Ce n’est pas la première fois que le cinéma s’empare du sujet du harcèlement scolaire, tant il fait de dégâts chaque année, de l'école primaire au lycée. 1:54 (2017) dénonçait déjà le quotidien d’un souffre-douleur au lycée. Marion, 13 ans pour toujours (2016), inspiré d’une histoire vraie, contait l’enfer d’une collégienne qui a fini par se suicider. Quant à Un Monde, il nous plonge dès l'école primaire pour montrer à quel point la cruauté des enfants peut commencer bien tôt.

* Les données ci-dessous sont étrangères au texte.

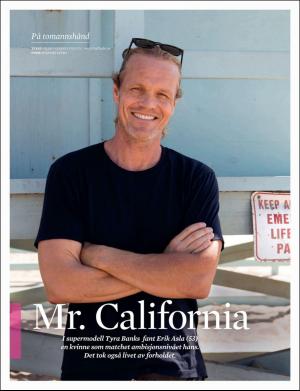 dagbladet_magasinet-20171118_000_00_00_006.pdf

L’enchaînement de la violence
Alors que le monde de l’enfance est communément associé au bonheur et à l’insouciance, au jeu et à la spontanéité, ici, rien de tel. Les visages du frère et de la sœur sont surprenants de fermeture. On n’y voit jamais trace de joie, sauf à de rares moments sur celui de Nora. Le travail de réalisation est remarquable en ce sens qu’il nous permet d’être en permanence avec Nora et de sentir ce qu’elle ressent. Une immersion réussie dans la tête d’une enfant, à la fois vulnérable et désireuse de se faire sa propre place.

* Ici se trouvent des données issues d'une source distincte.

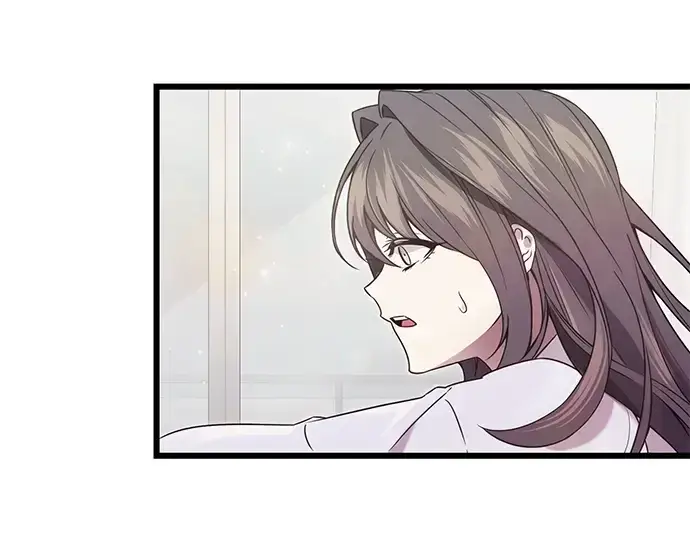 《入手神话级专属装备》第40话图107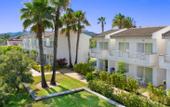Туры в отель BQ Alcudia Sun Village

Si les mots se font rares, les bruits ambiants de l’école, de la cantine et de la récréation, sont quasiment omniprésents. Pour le reste, tout passe essentiellement par les regards. Et les deux jeunes comédiens excellent dans leur capacité à y mettre autant de détresse et de désarroi que de force. À plusieurs reprises, Nora tente d’alerter les adultes, jusqu’à leur père. Ceux-là réagissent plus ou moins pour stopper la violence. Ils sont d’ailleurs souvent hors-champ.

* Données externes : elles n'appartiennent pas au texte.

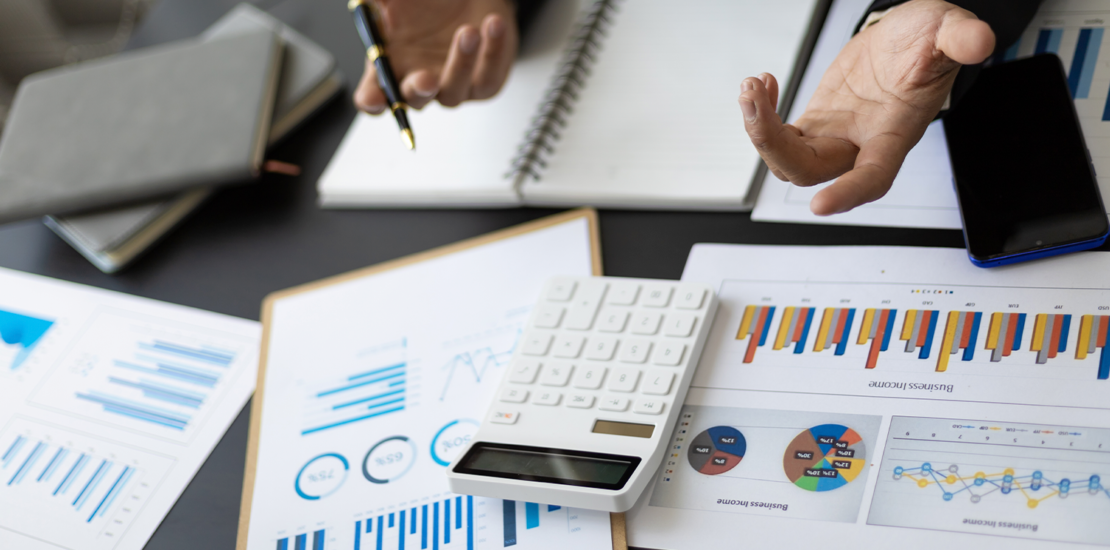 contador-e-tecnico-em-contabilidade:-o-que-muda-na-formacao-e-nas-funcoes?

Mais la honte d’avoir un frère qui ne sait pas se défendre, en plus d’avoir un père au chômage, entraîne Nora à se murer dans le silence. Son frère, qui était auparavant le protecteur devient alors un fardeau. Mais c’est au moment où la violence change de camp — elle a tant pénétré Abel à force d’humiliations subies — que la portée du film prend vraiment toute sa mesure. Victimes de la violence, Abel et Nora prennent un chemin inverse, s’éloignent, jusqu’à ce que l’affection reprenne enfin le dessus grâce à Nora.
Toute la question posée dans le film est la difficulté à laisser les enfants devenir autonomes, à apprendre, sans forcément les laisser livrés à eux-mêmes. Sans chercher à saisir l’origine de la violence, la réalisatrice s’attache plutôt à observer le conflit entre le désir d’appartenance et de responsabilité chez l’enfant. Dilemme que Nora traverse tout au long du film avec sa fragilité d’enfant mais surtout sa conscience de l’injustice. La cinéaste, très inspirée par les frères Dardenne, est en tout cas parvenue à mettre en scène un drame qui nous tient en haleine jusqu’au bout, sans jamais condamner aucun de ses personnages ni nous faire désespérer de l'école.